SOURCE INFORMATION: Begin
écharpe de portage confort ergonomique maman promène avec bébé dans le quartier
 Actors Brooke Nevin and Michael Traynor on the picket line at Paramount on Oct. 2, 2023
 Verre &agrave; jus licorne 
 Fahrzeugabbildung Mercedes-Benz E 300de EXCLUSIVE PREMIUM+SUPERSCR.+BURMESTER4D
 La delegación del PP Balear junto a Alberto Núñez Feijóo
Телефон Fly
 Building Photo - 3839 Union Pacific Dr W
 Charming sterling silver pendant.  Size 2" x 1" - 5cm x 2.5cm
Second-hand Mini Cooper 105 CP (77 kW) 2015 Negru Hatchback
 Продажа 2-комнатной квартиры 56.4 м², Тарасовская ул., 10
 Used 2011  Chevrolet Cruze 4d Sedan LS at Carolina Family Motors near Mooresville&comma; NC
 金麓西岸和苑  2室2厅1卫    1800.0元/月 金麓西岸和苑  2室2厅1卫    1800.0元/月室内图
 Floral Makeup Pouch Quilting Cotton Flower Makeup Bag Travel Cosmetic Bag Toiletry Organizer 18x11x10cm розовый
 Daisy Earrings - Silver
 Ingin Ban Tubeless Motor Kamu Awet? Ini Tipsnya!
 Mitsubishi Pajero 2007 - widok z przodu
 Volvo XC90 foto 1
SOURCE INFORMATION: End
Go to the line with "Charming sterling silver" in the entries above and repeat every line from there through the line with "Daisy Earrings - Silver", exactly and with no other text.

__TASK ANSWER__.
 Charming sterling silver pendant.  Size 2" x 1" - 5cm x 2.5cm
Second-hand Mini Cooper 105 CP (77 kW) 2015 Negru Hatchback
 Продажа 2-комнатной квартиры 56.4 м², Тарасовская ул., 10
 Used 2011  Chevrolet Cruze 4d Sedan LS at Carolina Family Motors near Mooresville&comma; NC
 金麓西岸和苑  2室2厅1卫    1800.0元/月 金麓西岸和苑  2室2厅1卫    1800.0元/月室内图
 Floral Makeup Pouch Quilting Cotton Flower Makeup Bag Travel Cosmetic Bag Toiletry Organizer 18x11x10cm розовый
 Daisy Earrings - Silver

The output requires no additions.